What you are asked to do
Go to the line containing "A set of toiletries" in the material below. From there to the end, retype every line exactly and drop the pictures.

◆ ◆ ◆ ◆ ◆

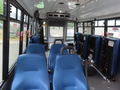 Interior view of a 2020 Chevrolet Express showing blue upholstered seats arranged in rows without any passengers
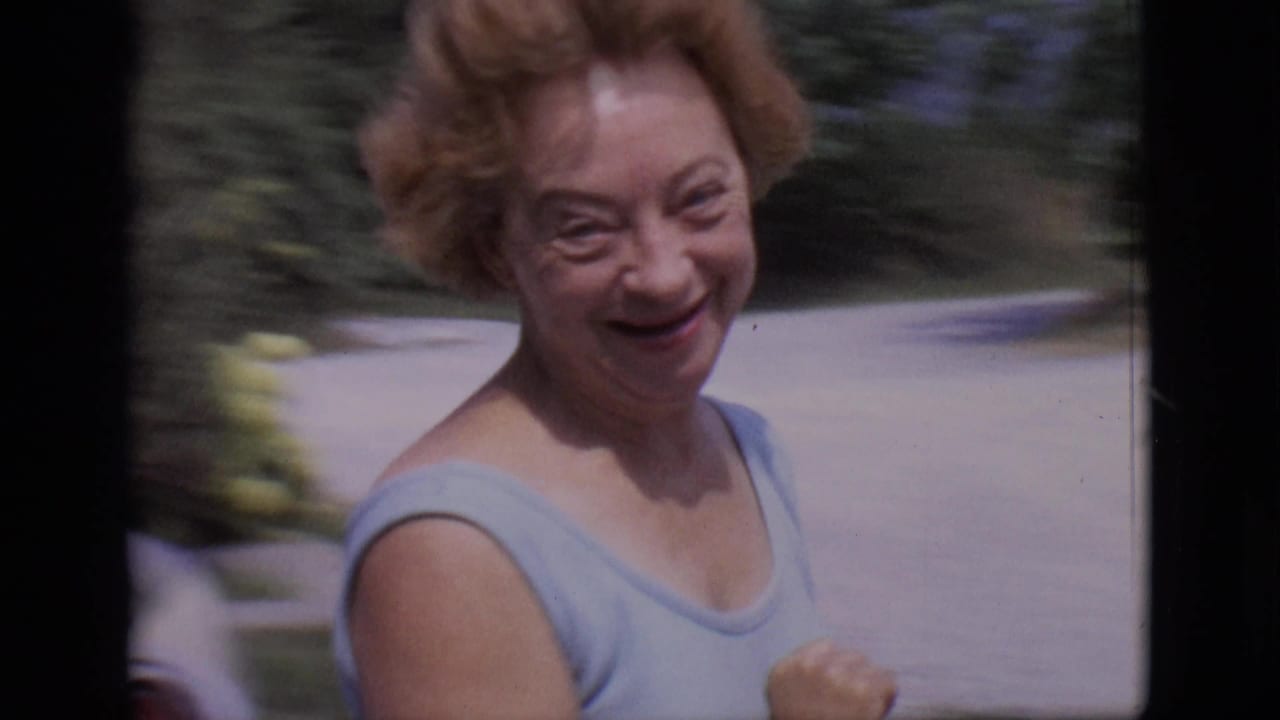 Smiling woman in a light blue sleeveless top moves past the camera outdoors.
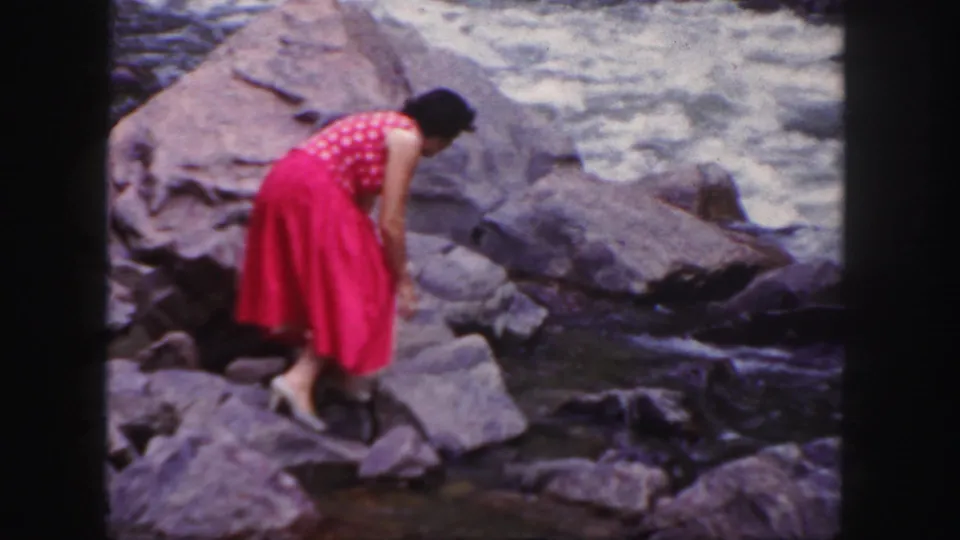 1958 Colorado 8mm frame showing a woman in a bright pink dress bending low on rocks beside a flowing river.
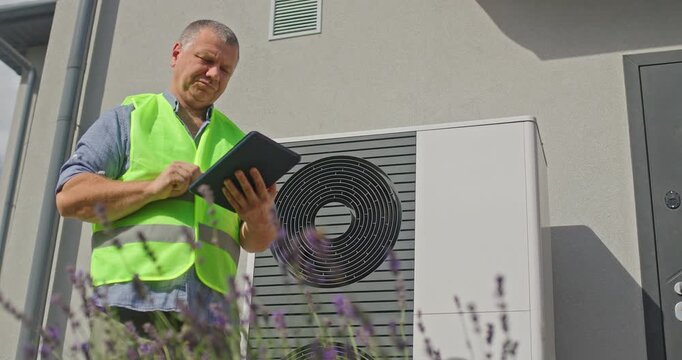 Technician Inspects Outdoor Heat Pump with Tablet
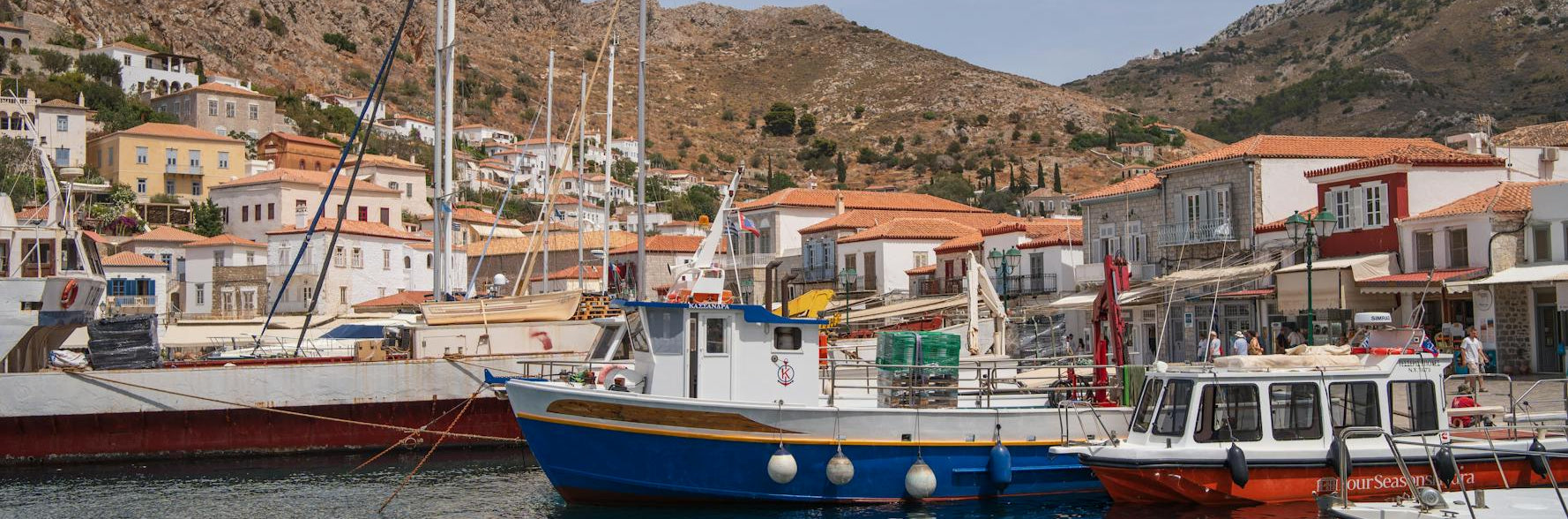Harbor scene with boats and buildings against a mountainous background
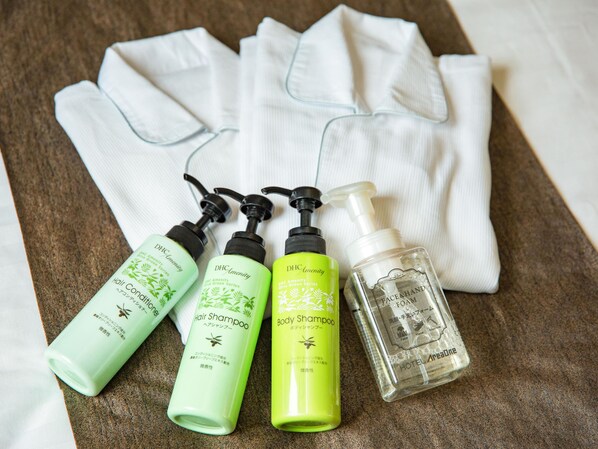 A set of toiletries including hair and body shampoo, a face and hand foam, and a bottle of clear liquid, arranged on a textured surface with a white cloth.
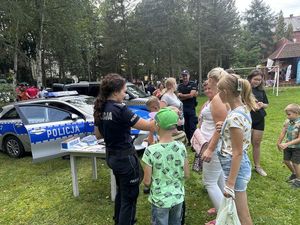 Policjantka rozmawia z grupą dzieci i ich opiekunami. W tle stoi policyjny radiowóz oraz policjant.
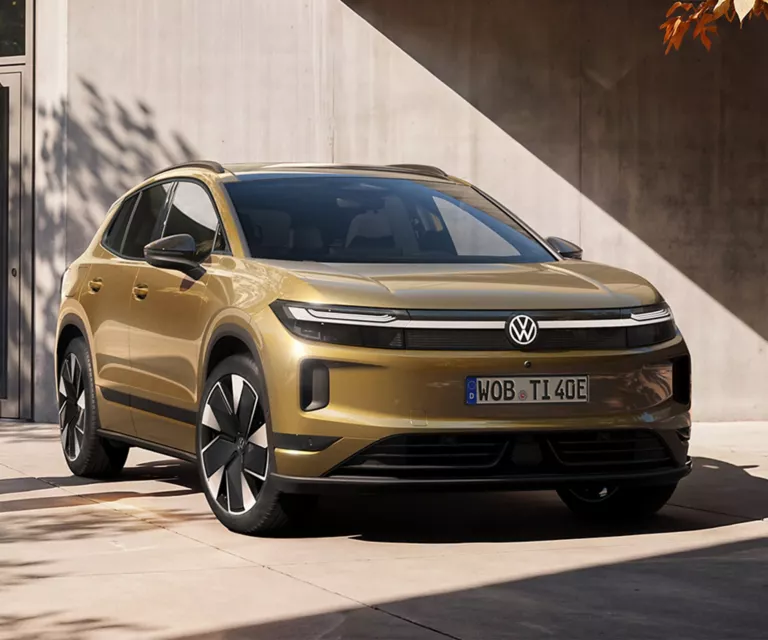 Ein oliv-bronzefarbener VW ID. Tiguan, der vor einem modernen Gebäude parkt.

◆ ◆ ◆ ◆ ◆

Answer for this exercise
 A set of toiletries including hair and body shampoo, a face and hand foam, and a bottle of clear liquid, arranged on a textured surface with a white cloth.
 Policjantka rozmawia z grupą dzieci i ich opiekunami. W tle stoi policyjny radiowóz oraz policjant.
 Ein oliv-bronzefarbener VW ID. Tiguan, der vor einem modernen Gebäude parkt.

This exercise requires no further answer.